→ TASK PROMPT
Exactly the lines from the one containing "Stretch Long Sleeves" through the one containing "Men's thermo fleece" in the listing below are to be copied, with the pictures left out.

→ SUPPLIED MATERIAL

════════════════════

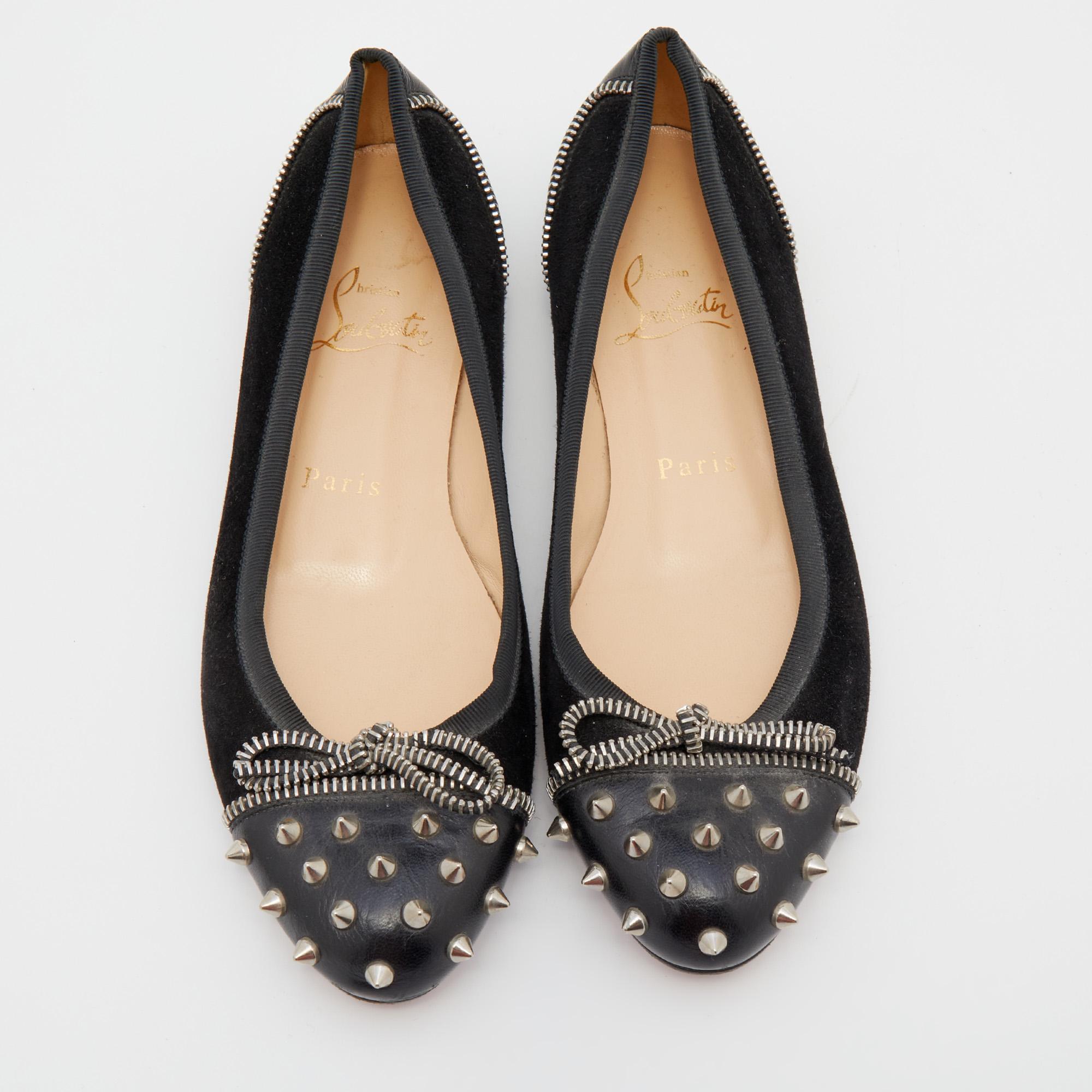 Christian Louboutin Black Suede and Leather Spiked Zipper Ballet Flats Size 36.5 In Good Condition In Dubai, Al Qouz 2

════════════════════

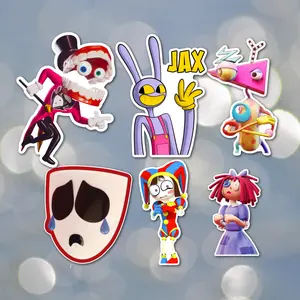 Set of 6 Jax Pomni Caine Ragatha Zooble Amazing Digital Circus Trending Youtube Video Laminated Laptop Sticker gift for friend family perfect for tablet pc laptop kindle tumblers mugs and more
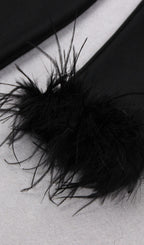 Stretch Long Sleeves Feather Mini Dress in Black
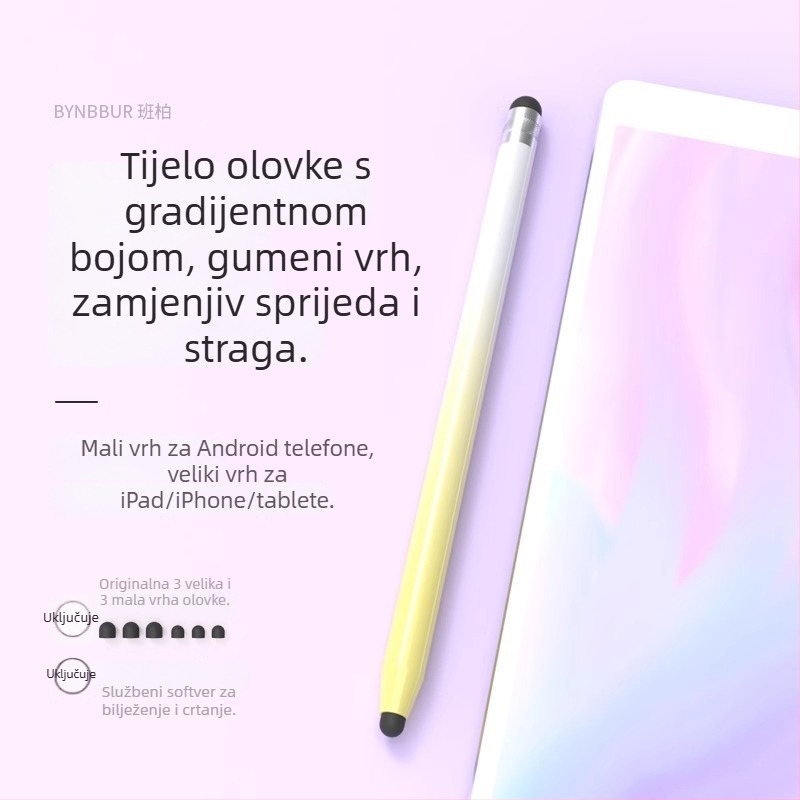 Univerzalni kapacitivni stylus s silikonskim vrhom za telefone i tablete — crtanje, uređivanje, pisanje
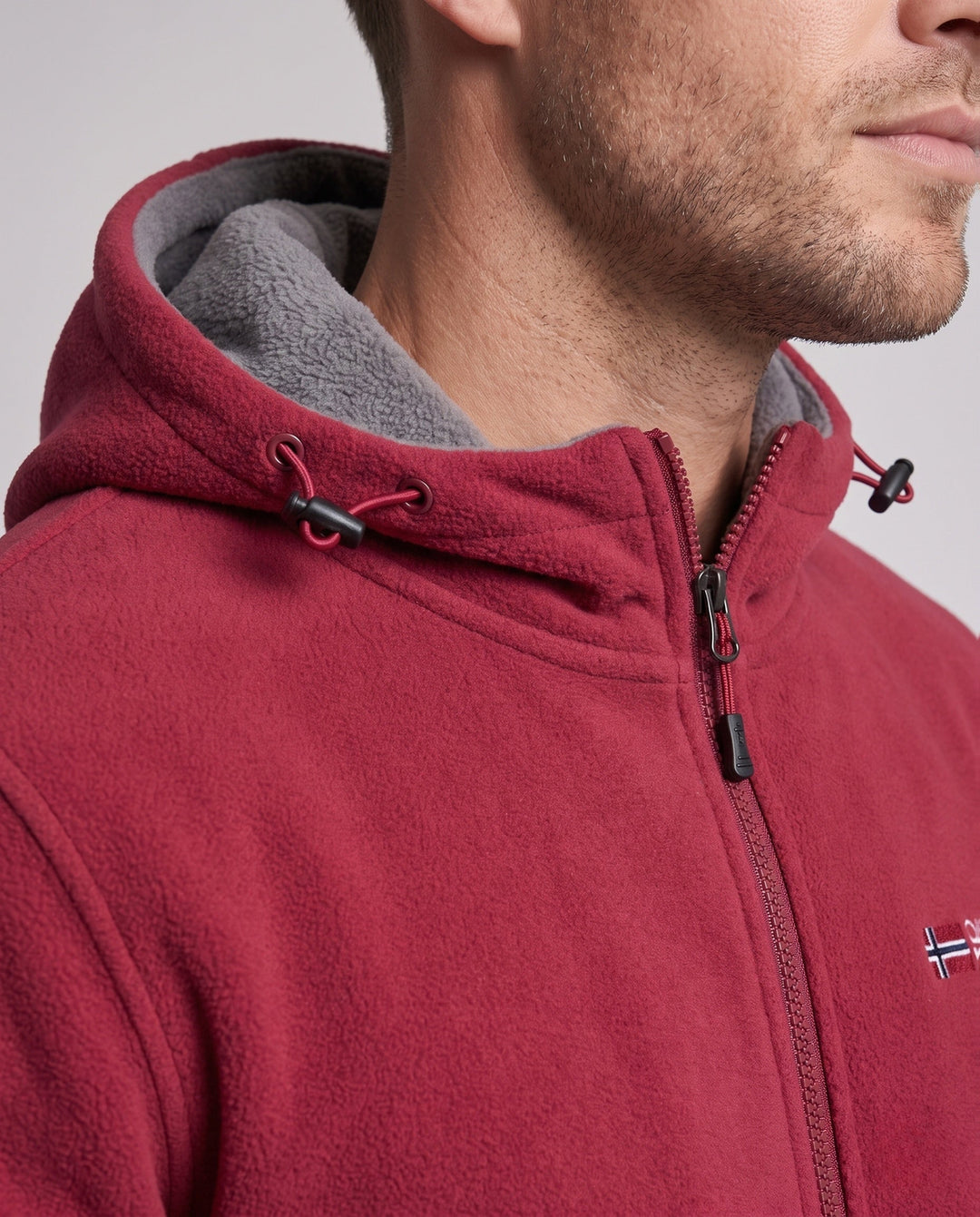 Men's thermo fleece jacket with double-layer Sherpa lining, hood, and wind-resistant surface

════════════════════

→ OUTPUT FOR THIS EXERCISE
 Stretch Long Sleeves Feather Mini Dress in Black
 Univerzalni kapacitivni stylus s silikonskim vrhom za telefone i tablete — crtanje, uređivanje, pisanje
 Men's thermo fleece jacket with double-layer Sherpa lining, hood, and wind-resistant surface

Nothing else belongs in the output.